Target hungrier markets. Ed Gandia’s “How to Land More and Better Clients in a Crowded Global Market” was one of the most popular MagNet sessions for writers. Sage advice: Consider where budgets are shifting—every project in an organization is either “urgent,” “important” or “nice to have,” and when finances are tight, it’s the first two categories (usually projects that generate revenue or profits) that get the green light. Focus your marketing efforts on prospects that are well positioned with “urgent” and “important” products, services or information. Gandia is also offering a free online course for freelancers.
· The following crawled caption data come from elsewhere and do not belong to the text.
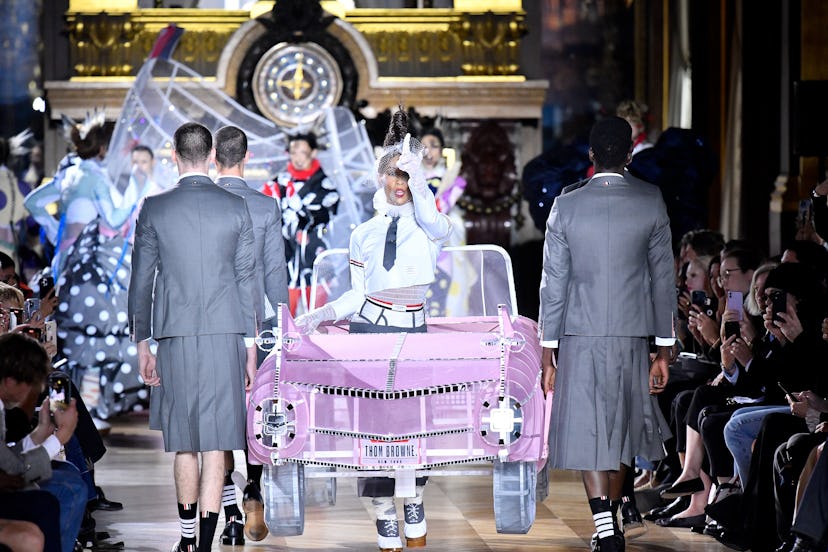 PARIS, FRANCE - OCTOBER 3: MJ Rodriguez walks the runway during the Thom Browne Ready to Wear Spring...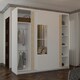 image 3 of Modern Sliding Door Wardrobe with Square Mirror - 150/203cm | White/Black/Grey Bedroom Storage White | 203cm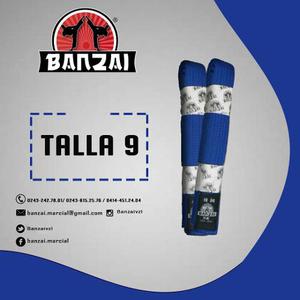 Cinturón De Artes Marciales Azul, Talla 9, Banzai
Collaborate on a corporate writing guide. Here’s a project that corporate writers and editors can pitch to steady clients: developing a guide to help employees keep communications consistent, clear and concise. Rhonda Helman, editor at Farm Credit Canada, made an excellent presentation about corporate writing guides at the EAC conference. My four favourite tips: get the support of managers by understanding what they prefer and why; ensure that the guide is a collaborative effort and that everyone involved stands to benefit; keep in mind that the guide is a work in progress; and never underestimate the power of your expertise.

Spruce up your speeches. I enjoyed “Go From Ho-Hum to Humdinger,” a presentation by speechwriter and trainer Wendy Cherwinski of Echelon Communications, at the EAC conference. She offered several practical tips, such as: write the way people talk (including contractions, idioms and sentence fragments); use highlighters to check your use of pronouns, verbs, transitions, etc.; 100 words is about one minute of speaking time; and take advantage of tools such as the Flesch Reading Ease Scale to measure readability. For more tips on speechwriting, sign up for Cherwinski’s free e-newsletter, Pen & Podium, by emailing words@echeloncomm.ca.

Here, there, everywhere

Apologies for the radio silence! I’ve been in Ottawa for a few days, attending the Editors’ Association of Canada conference (this year’s theme: Word Nerds Gone Wild). Now MagNet is under way, and PWAC Toronto Chapter is happy to welcome and entertain PWAC members from across Canada. I’ll blog about conference season when the whirlwind is over. Maybe we’ll run into each other?